BROS - Dutch Bros: High Growth Remains Possible

2023-12-17 08:02:37 ET

Summary

  • Dutch Bros reported strong financial performance with revenue growth of over 30% and improved profitability.
  • The company's growth outlook remains positive, and I believe it can achieve $1.5 billion in sales by FY25.
  • Strategies to improve labor efficiency and the deployment of the Tap system and potential mobile ordering are expected to drive further growth and profitability.

Summary

Readers may find my previous coverage via this link . My previous rating was a buy rating, as I believed Dutch Bros ( BROS ) could continue to grow at a very fast pace across the entire US. Especially when compared to bigger players like Starbucks ( SBUX ), the growth potential remained huge. I am reiterating my buy rating for BROS as the path for continuous high growth remains visible. Notably, the problem with the weak balance sheet is no longer a concern, which gives me confidence that BROS can continue to grow units as planned. A strategy to improve labor efficiency should also help to further improve sales growth potential.

Financials / Valuation

BROS reported another strong quarter , with revenue growing by more than 30% to $264.5 million. Notably, the strong growth was not at the expense of margin deterioration. Restaurant-level margin [RLM] improved to 32.8% from 28.2% in 3Q22, which drove profitability at the consolidated level up as well. Because of the small margin base in FY22, the strong revenue growth and improved RLM led to substantial operating leverage at the company level. At the consolidated level, the EBITDA margin improved by 11 percentage points to 16%. As a result, net income also saw significant growth, from $14 million to $22 million.

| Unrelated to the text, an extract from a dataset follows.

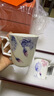 瑪戈隆特骨瓷馬克杯對杯 水杯茶杯早餐杯情侶對杯荷蓮盛宴精美禮盒裝 曬單實(shí)拍圖
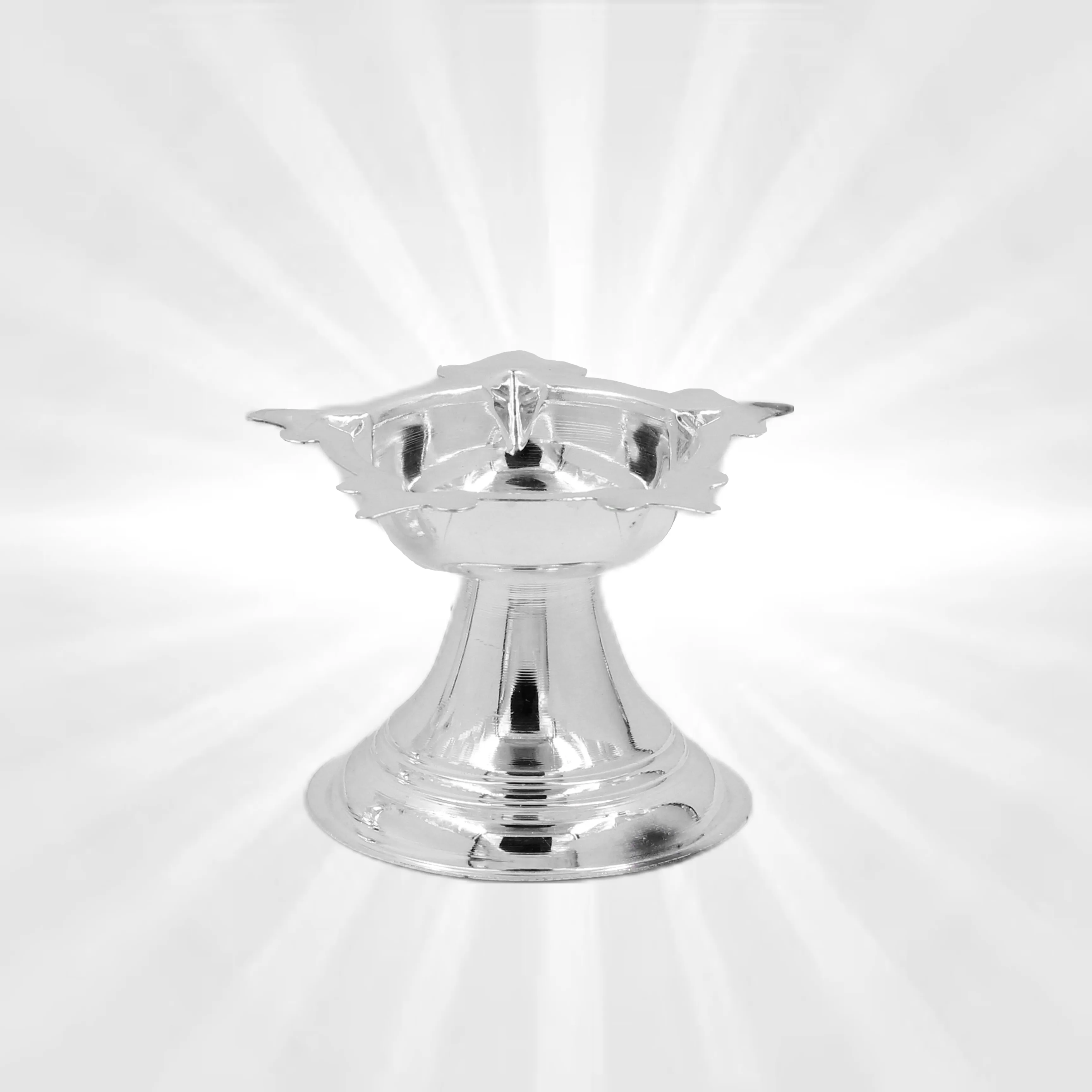 Single Batti Silver Diya (22 Grams)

Based on author's own math

With the better-than-expected growth in 3Q23, I have an improved growth outlook for BROS (in line with consensus). I now expect BROS to achieve ~$1.5 billion in sales in FY25, driven by continued unit growth (which no longer faces a weak balance sheet hurdle) and same-store sales growth (driven by improving labor efficiency). I am not making any changes to my valuation multiple assumption as BROS continues to grow at a high rate, just as I expected. Hence, my view that it should continue to trade at a premium to other QSR peers (as defined previously: SBUX, Wendy’s, Shake Shack, and Sweetgreen) remains the same.

Comments

BROS 3Q23 performance showed great growth momentum that I expect to follow through in the coming quarters. Both growth drivers—same-store-sales [SSS] growth and unit growth pipeline—remain healthy with no signs of slowing down. For SSS growth, BROS should see an easier comp in 4Q23 given the weak 4Q22 quarter and as management continues their aggressive marketing strategy. As for unit growth, management has reiterated their expectation for more than 150 new stores in FY23, implying a 22% growth in FY23 units and 4Q23 to open another 27 stores. One of the key concerns with BROS was the weak balance (I discussed this previously), and this might impact the pace of unit growth if BROS runs into liquidity issues. That concern is now off the table as BROS has improved its balance sheet significantly with $150 million of cash, $350 million of undrawn revolvers, and $200 million of undrawn delayed draw term loans. Collectively, BROS has around $700 million of spare financial capacity. Using the last 12 months of FCF performance as the burn rate, this implies that BROS can last the next 5 years without the need to conduct capital raises via equity issuance. In fact, as profitability improves (as seen in the results), BROS could very well turn FCF positive over the next few years.

Based on author's own math

With regards to profitability, I believe there is a visible path to improved margins as management continues to improve labor productivity and in-store operation efficiencies. Over the past year, BROS has restructured its labor strategy to be tied to the number of transactions (i.e., from labor hours/sales to labor hours/transaction). This makes more sense as volume (or traffic) is a better metric to understand how the store is performing, especially in the current inflationary environment where pricing is high. Also, this strategy enables BROS to better schedule labor to meet peak periods. Sales per hour will not accurately tell you how busy the store is, as pricing will distort the results. I believe the resulting impact is clear in the operating leverage.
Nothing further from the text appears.